LESSONS FOR MY PAST SELF

T L;DR Nobody is born a specialist in something but they become one by staying obsessed long enough to get good. The real power isn't in the programming itself, but in what it teaches you: how to see systems everywhere. Once you understand that reality is just nested systems all the way down—from your morning routine to the entire economy—you gain an almost unfair advantage. You stop playing other people's games. You stop competing. You start building.

I am someone who stumbled into programming through pure accident, and that accident changed the entire architecture of my life. If my cousin hadn't given me his old laptop when I was twelve, if I hadn't been curious enough to explore beyond just playing games, if I hadn't wondered how Minecraft mods actually worked—I genuinely don't know what trajectory my life would have taken.

This haunts me in the most beautiful way. Ray Bradbury wrote about how a butterfly stepping on a flower in the past could change the entire future. In chaos theory, we call this sensitive dependence on initial conditions—the butterfly effect. Small changes in starting points lead to dramatically different outcomes. My cousin's laptop was my butterfly.

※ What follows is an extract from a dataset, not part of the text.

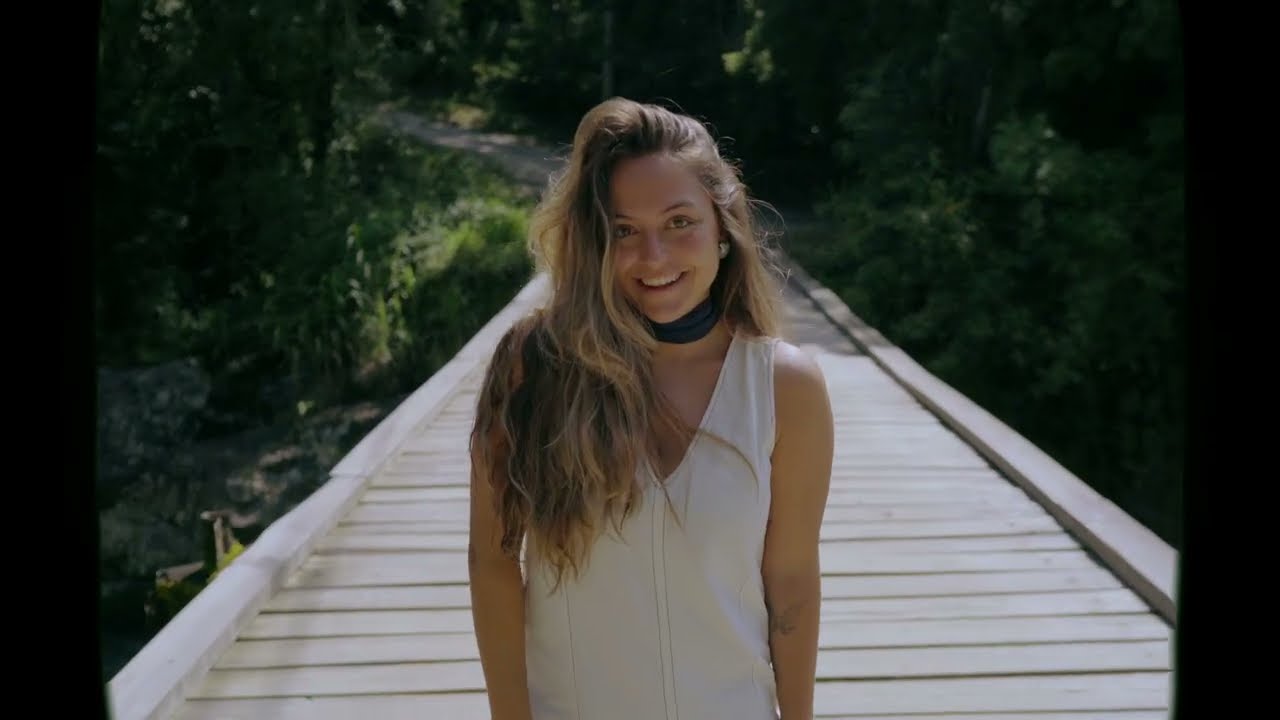 Lara Estelita - Minha Opinião (Visualizer Oficial)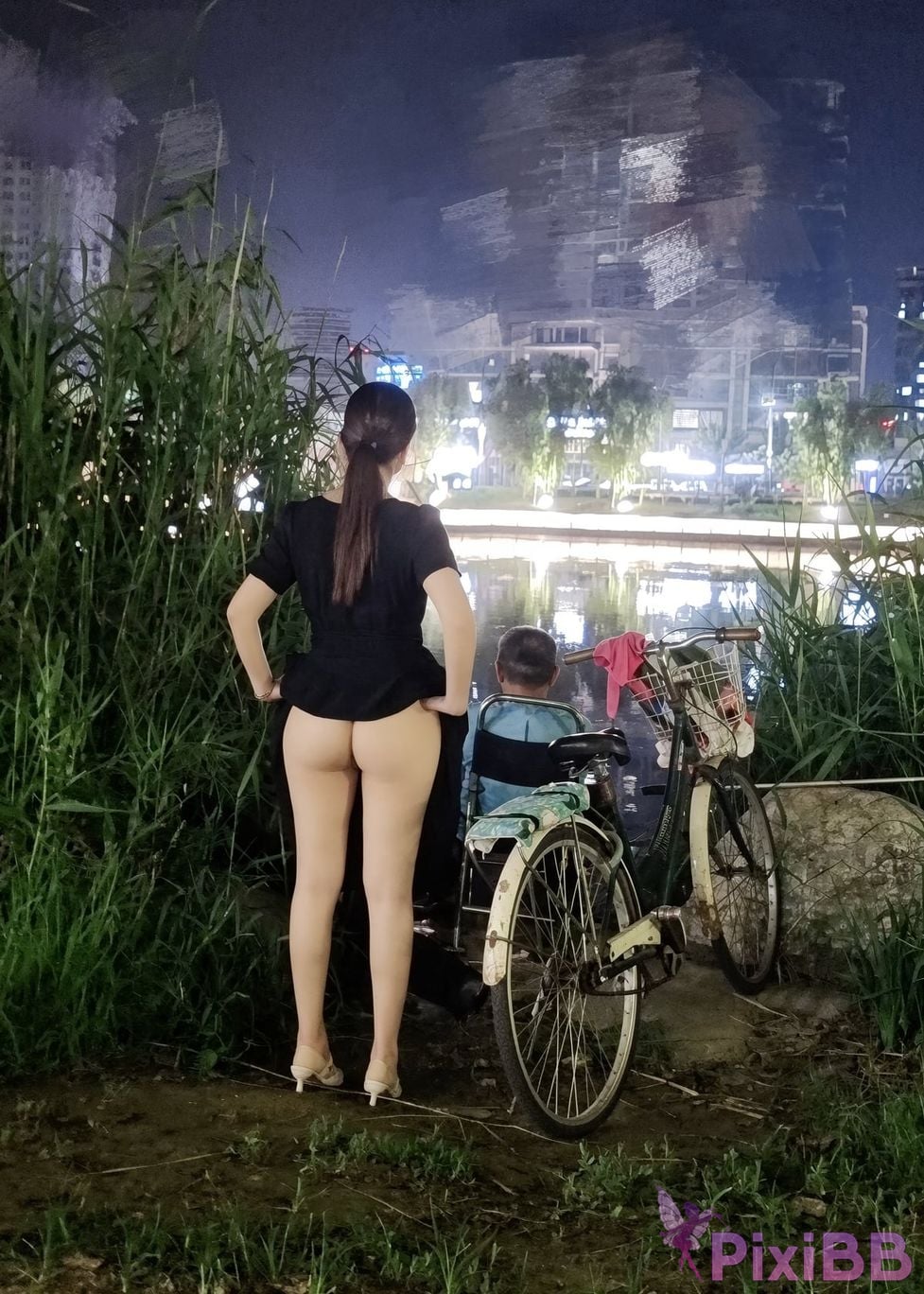 OtherXXX Qinger beautiful butt exposed in front of others Seducing the old man PixiBB.COM 094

I was a kid who loved games but had never thought about how they were made. The first time I held that laptop and could play something I'd only watched others play before, everything felt magical. But the real magic began when I started exploring the edges—wondering how the game worked, how it could be modified, how the digital world I was inhabiting actually functioned underneath its surface.

The first time I was using a computer and could play a game that I had only seen other people playing before. Everything was so magical that I think it was one of the best interactions I've ever had with a computer in my entire life, until I started exploring the edges of the game and visualizing how it was possible to modify the game and better understand how it really worked, and that's when it all started - programming mods for Minecraft. Not that I recommend this trajectory for beginners, it depends a lot on motivation. In my case, it seemed more rewarding than perhaps programming a moving image in Scratch, and I think that's the most important point - motivation. It's incredible to think that some of the best programmers I've ever met started very young and in ways not very different from this, whether programming mods in Minecraft, creating servers in Tibia, etc... And I think this gives an absurd advantage because being able to stay hooked for a sufficiently long period of time on something when you're young involuntarily makes you good at it.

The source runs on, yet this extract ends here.